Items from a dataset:
──────────────────────────────

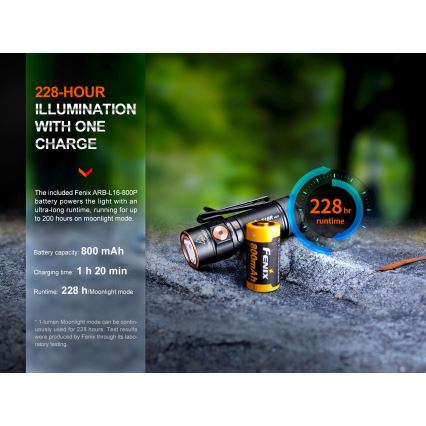 Fenix E18RV20800 - Lanterna LED recarregável com regulação de intensidade LED/USB/1xCR123A 800 mAh IP68 1200 lm 200 h preta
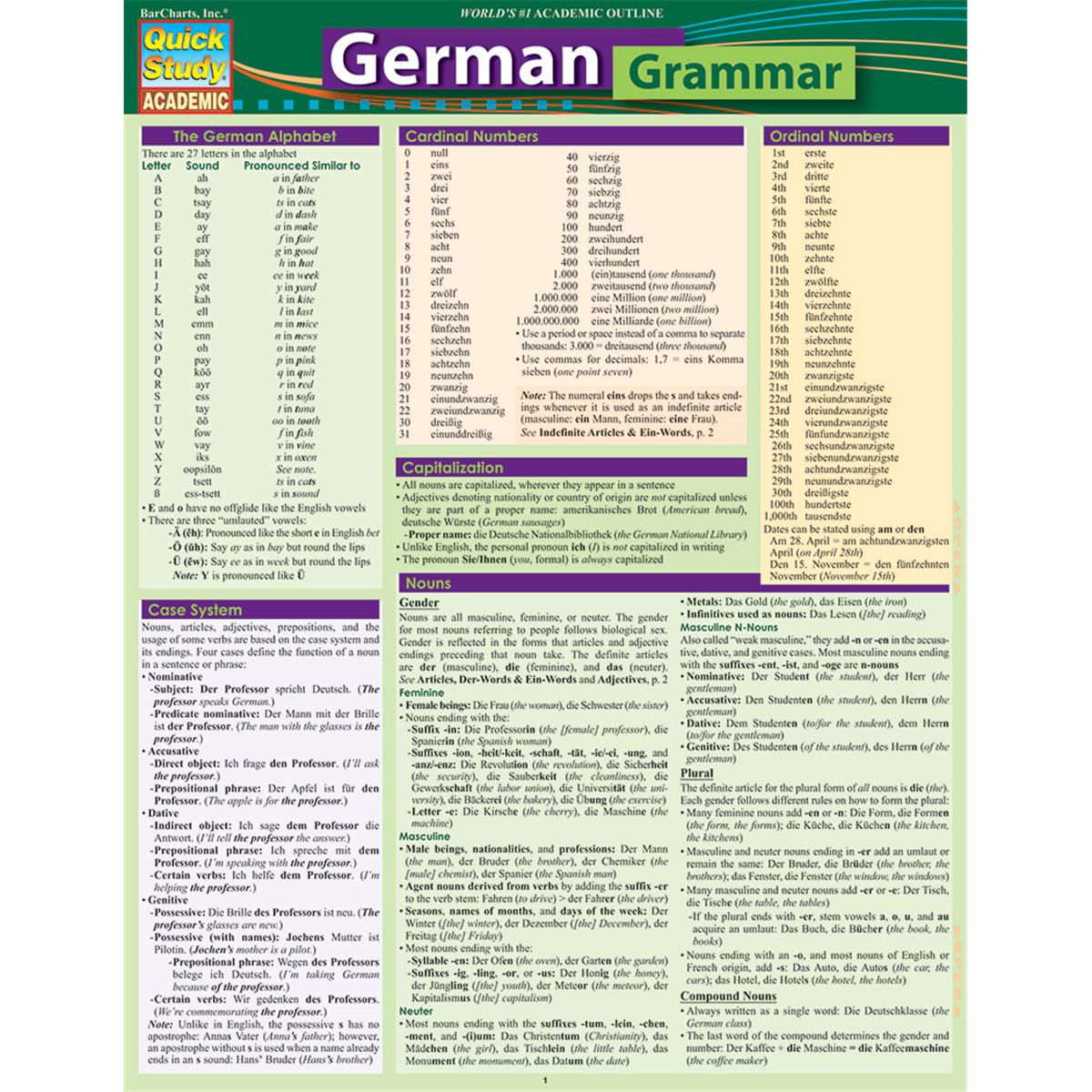 9781423234722 German Grammer Guide -  Barcharts Publishing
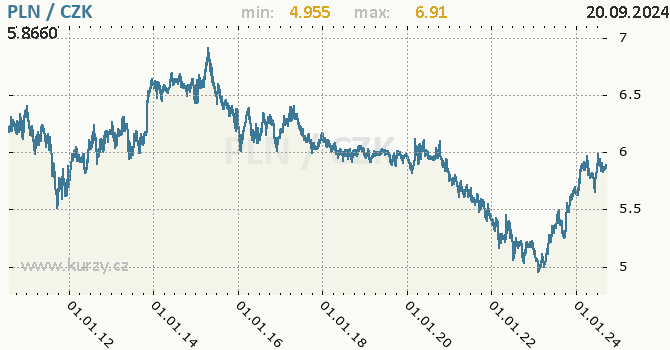 Vvoj kurzu polskho zlotho -  graf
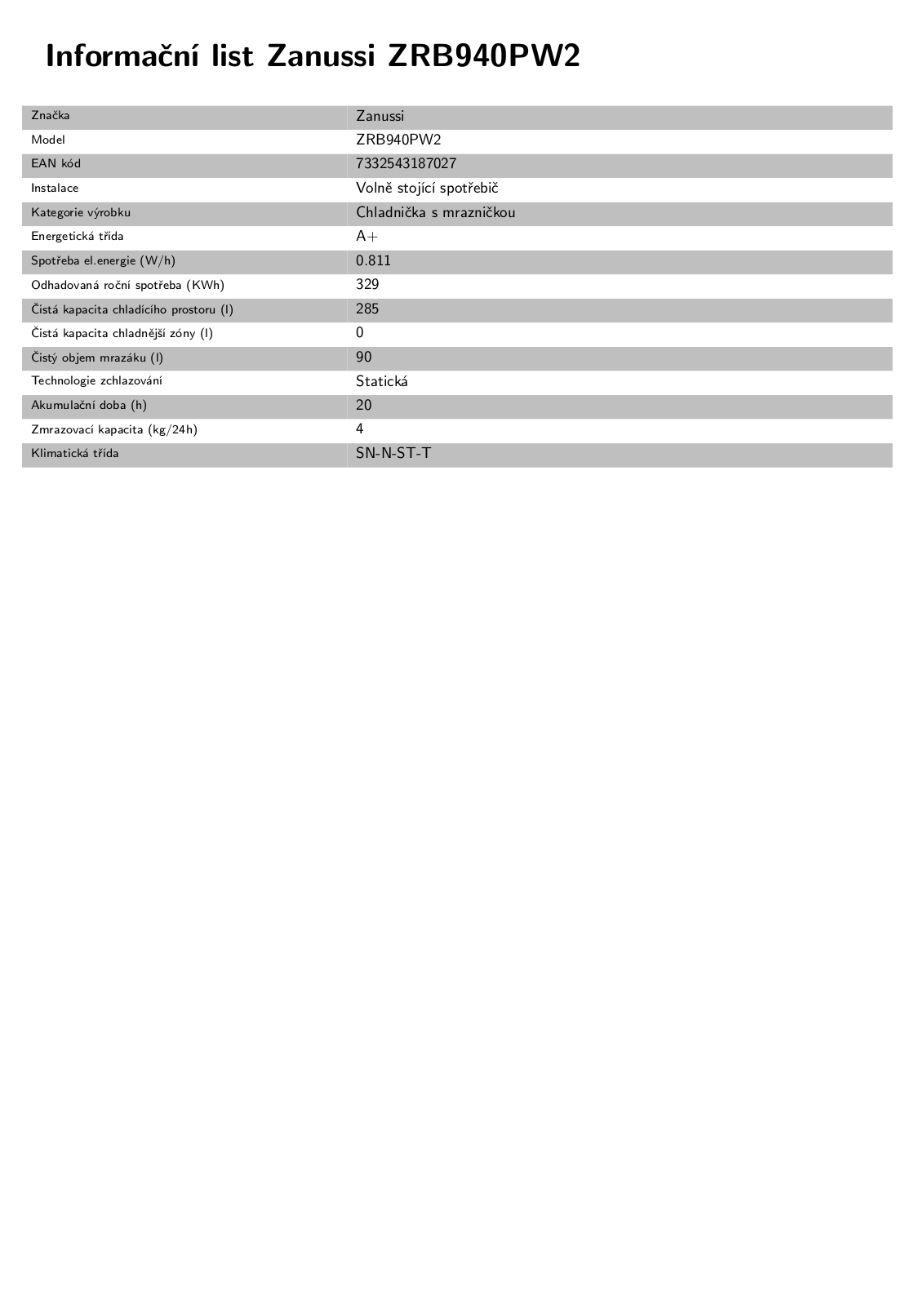 Zanussi ZRB940PW2 User Manual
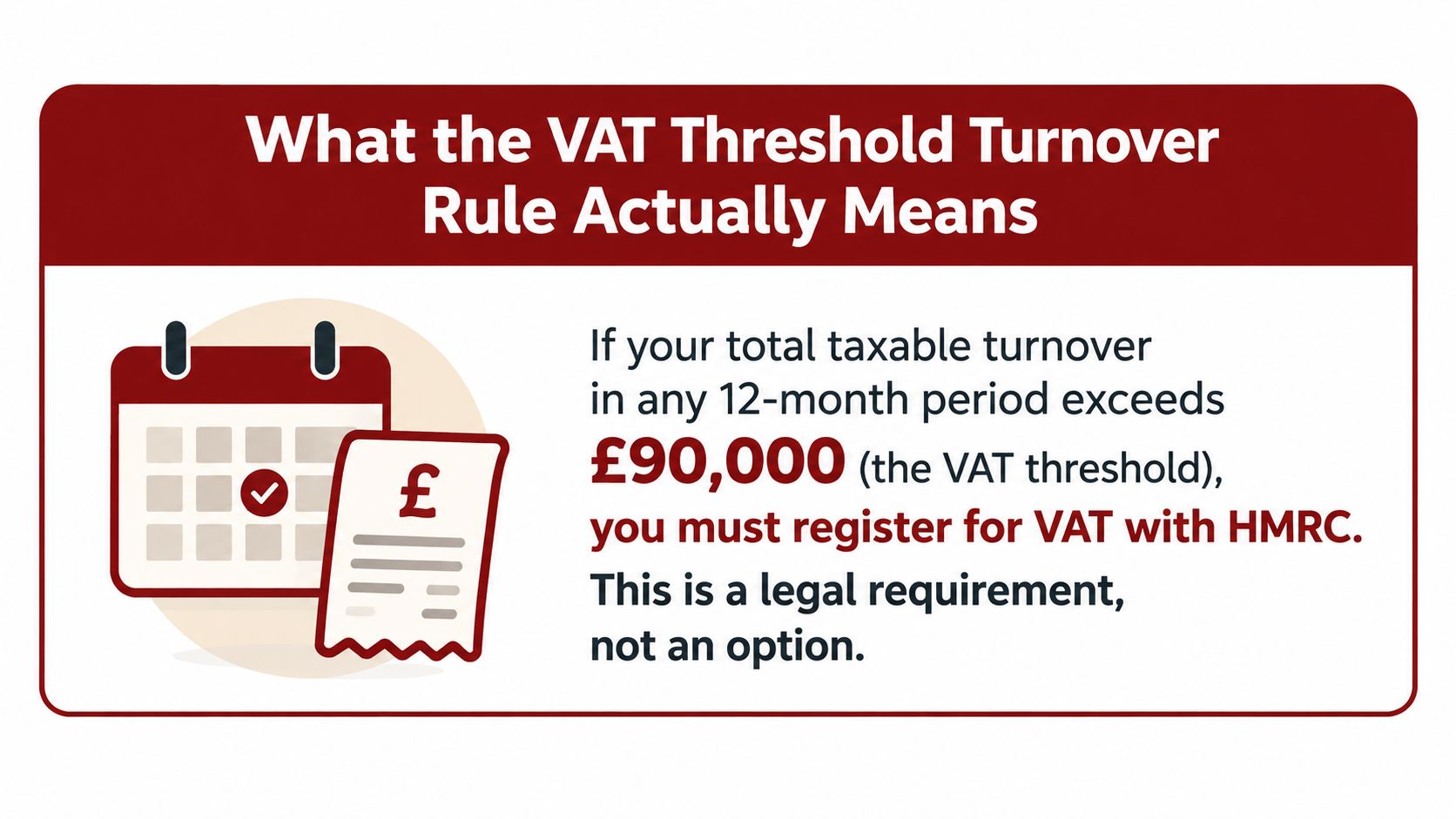 An infographic explaining that exceeding a 90,000 pound turnover in 12 months requires mandatory VAT registration.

──────────────────────────────

#### [The problem]
Please output the lines from the line that contains "Vvoj kurzu polskho" through the end of the records, both ends included, exactly and with no pictures.

#### [Exercise result]
 Vvoj kurzu polskho zlotho -  graf
 Zanussi ZRB940PW2 User Manual
 An infographic explaining that exceeding a 90,000 pound turnover in 12 months requires mandatory VAT registration.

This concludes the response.